Asadullo Rahmonov, the head of Tajikistan's Committee on TV and Radio
Asadullo Rahmonov, the head of Tajikistan's Committee on TV and Radio
DUSHANBE -- Iran's ambassador to Tajikistan says he has the equipment needed to open the long-planned, joint Tajik-Afghan-Iranian television station if Tajik officials will allow it to be installed, RFE/RL's Tajik Service reports.

Iranian diplomat Ali Asghar Sherdust said the new station could begin broadcasting some three weeks after the equipment is set up in a Dushanbe office.

Sherdust said the station could be ready in time to cover a meeting of the Tajik, Afghan, and Iranian leaders scheduled for Dushanbe during the annual Norouz celebration on March 21.

Iranian President Mahmud Ahmadinejad, Afghan President Hamid Karzai, and Tajik President Emomali Rahmon agreed to set up the TV station at a meeting in Dushanbe in July 2006. The three countries' people share cultural similarities and the majority of people in each country speak Persian.

But Afghanistan showed little interest in the Persian-language TV project, as Kabul has a much more vibrant media environment than the other two countries and also has two official languages. Afghanistan and Tajikistan were also concerned about the costs involved in establishing the station.

Asadullo Rahmonov, the head of Tajikistan's Committee on TV and Radio, told RFE/RL that Tajik officials would need at least two months to install the equipment and could not guarantee that the joint TV station could cover the Norouz meeting of the three leaders in Dushanbe.

Tajikistan analyst Rajabi Mirzo told RFE/RL today he has doubts that such a TV station could be successful because the three countries have such "absolutely different ideologies."

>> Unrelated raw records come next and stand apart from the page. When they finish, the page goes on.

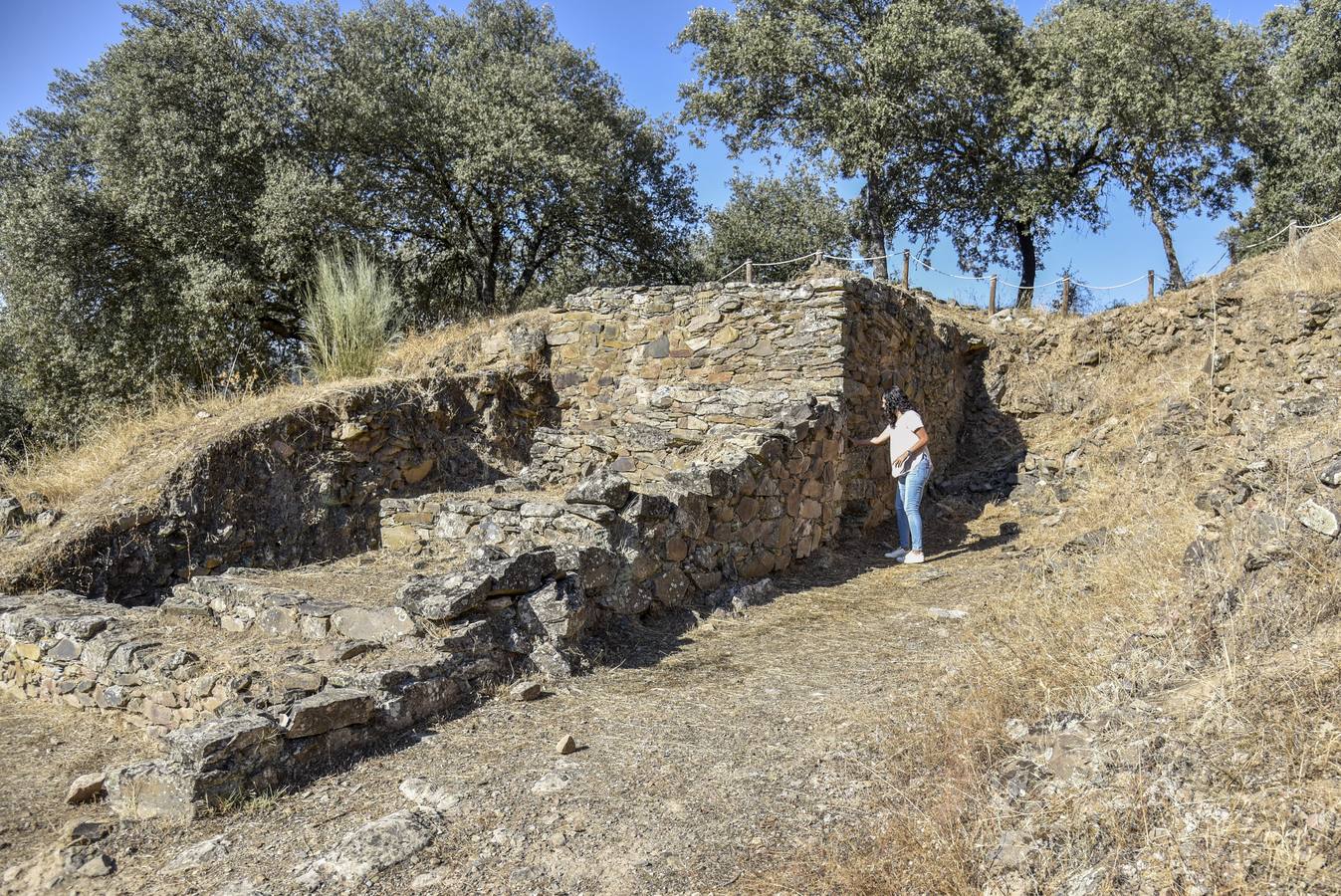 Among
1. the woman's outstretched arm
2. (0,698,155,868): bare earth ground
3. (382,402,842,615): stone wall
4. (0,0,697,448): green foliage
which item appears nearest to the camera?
(0,698,155,868): bare earth ground

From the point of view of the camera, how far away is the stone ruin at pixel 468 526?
5.02m

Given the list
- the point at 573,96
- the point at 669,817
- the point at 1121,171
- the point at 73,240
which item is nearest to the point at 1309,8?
the point at 1121,171

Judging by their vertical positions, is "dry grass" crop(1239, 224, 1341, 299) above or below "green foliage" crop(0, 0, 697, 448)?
below

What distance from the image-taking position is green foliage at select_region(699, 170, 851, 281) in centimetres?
2453

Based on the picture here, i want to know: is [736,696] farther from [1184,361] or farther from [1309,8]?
[1309,8]

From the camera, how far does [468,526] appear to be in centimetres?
723

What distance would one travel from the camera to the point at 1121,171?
69.4ft

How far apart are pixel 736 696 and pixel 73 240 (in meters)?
15.3

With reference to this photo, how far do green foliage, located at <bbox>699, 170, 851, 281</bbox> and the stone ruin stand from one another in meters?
11.6

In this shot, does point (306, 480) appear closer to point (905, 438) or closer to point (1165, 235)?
point (905, 438)

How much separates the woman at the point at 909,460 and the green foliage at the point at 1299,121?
1427 cm

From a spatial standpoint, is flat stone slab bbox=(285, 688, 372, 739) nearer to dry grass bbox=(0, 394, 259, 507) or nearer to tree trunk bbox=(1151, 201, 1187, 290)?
dry grass bbox=(0, 394, 259, 507)

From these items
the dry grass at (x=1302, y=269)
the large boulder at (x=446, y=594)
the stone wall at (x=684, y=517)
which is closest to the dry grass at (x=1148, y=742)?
the stone wall at (x=684, y=517)

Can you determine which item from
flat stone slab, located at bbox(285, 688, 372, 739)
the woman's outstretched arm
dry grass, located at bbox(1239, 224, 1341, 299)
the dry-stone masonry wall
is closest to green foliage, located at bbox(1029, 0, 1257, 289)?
Result: dry grass, located at bbox(1239, 224, 1341, 299)
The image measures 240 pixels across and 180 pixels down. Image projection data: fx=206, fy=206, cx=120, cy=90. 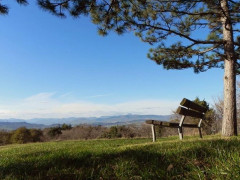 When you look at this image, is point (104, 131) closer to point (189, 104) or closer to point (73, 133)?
point (73, 133)

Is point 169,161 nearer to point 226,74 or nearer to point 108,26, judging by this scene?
point 108,26

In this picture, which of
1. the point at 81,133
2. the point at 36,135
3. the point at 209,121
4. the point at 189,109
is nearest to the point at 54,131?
the point at 36,135

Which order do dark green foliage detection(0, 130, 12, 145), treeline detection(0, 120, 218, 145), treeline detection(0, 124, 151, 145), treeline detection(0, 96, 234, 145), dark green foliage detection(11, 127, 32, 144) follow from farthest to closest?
dark green foliage detection(0, 130, 12, 145) → dark green foliage detection(11, 127, 32, 144) → treeline detection(0, 124, 151, 145) → treeline detection(0, 120, 218, 145) → treeline detection(0, 96, 234, 145)

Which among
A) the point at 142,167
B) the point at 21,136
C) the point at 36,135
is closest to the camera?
the point at 142,167

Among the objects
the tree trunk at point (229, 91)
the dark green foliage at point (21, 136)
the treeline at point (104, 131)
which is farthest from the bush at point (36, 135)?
the tree trunk at point (229, 91)

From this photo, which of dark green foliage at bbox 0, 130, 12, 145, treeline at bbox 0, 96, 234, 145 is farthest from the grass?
dark green foliage at bbox 0, 130, 12, 145

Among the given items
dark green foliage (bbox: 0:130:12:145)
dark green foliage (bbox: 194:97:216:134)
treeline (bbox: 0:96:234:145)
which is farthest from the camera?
dark green foliage (bbox: 0:130:12:145)

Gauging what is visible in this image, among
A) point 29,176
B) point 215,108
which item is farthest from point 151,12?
point 215,108

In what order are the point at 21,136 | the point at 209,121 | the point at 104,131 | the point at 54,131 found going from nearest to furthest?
the point at 209,121, the point at 104,131, the point at 21,136, the point at 54,131

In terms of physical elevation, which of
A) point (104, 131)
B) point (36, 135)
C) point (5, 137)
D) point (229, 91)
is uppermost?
point (229, 91)

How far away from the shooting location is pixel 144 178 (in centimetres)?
217

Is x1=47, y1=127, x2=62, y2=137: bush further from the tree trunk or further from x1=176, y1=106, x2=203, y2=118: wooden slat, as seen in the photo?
the tree trunk

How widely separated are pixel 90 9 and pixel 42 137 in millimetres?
31008

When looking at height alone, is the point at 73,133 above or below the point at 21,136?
above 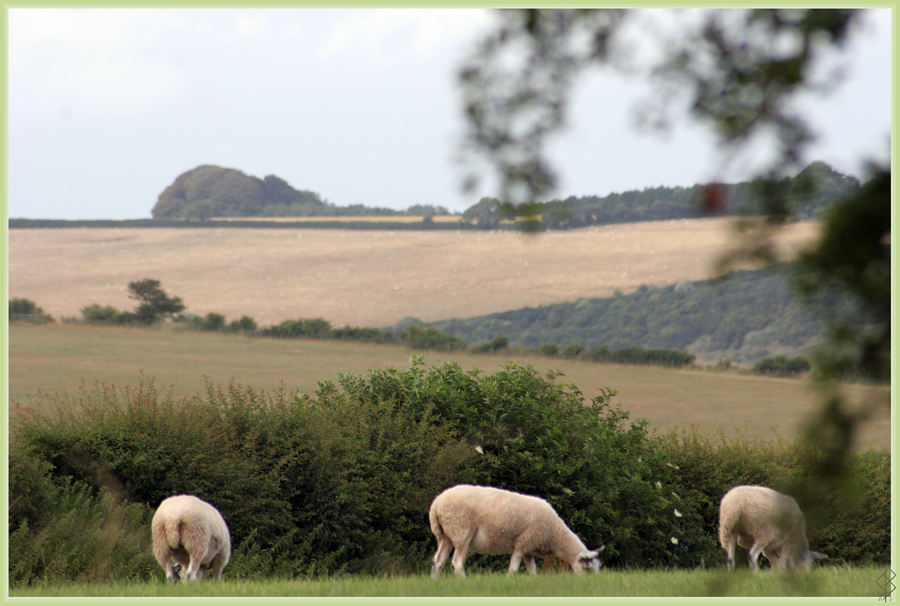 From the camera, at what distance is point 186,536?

Tajik journalist Zafar Sufi said he agrees with Mirzo and added that Iranian officials would not be happy watching the types of songs and dances that are often shown on Tajik TV. He added that Tajik authorities who disallow some women from wearing the hijab would be unhappy seeing TV anchors wearing Islamic head scarves, as all Iranian and many Afghan women journalists do.

Tajikistan recently decreased its contacts with Muslim countries when it ordered hundreds of young Tajik men to return home from Islamic schools and universities abroad where they were studying, including many in Iran.

Tajik authorities also stopped Tajik teachers from visiting Iran and taking part in special courses for learning the Persian alphabet. And last week, Tajik Air decreased the number of flights it makes to Iranian cities.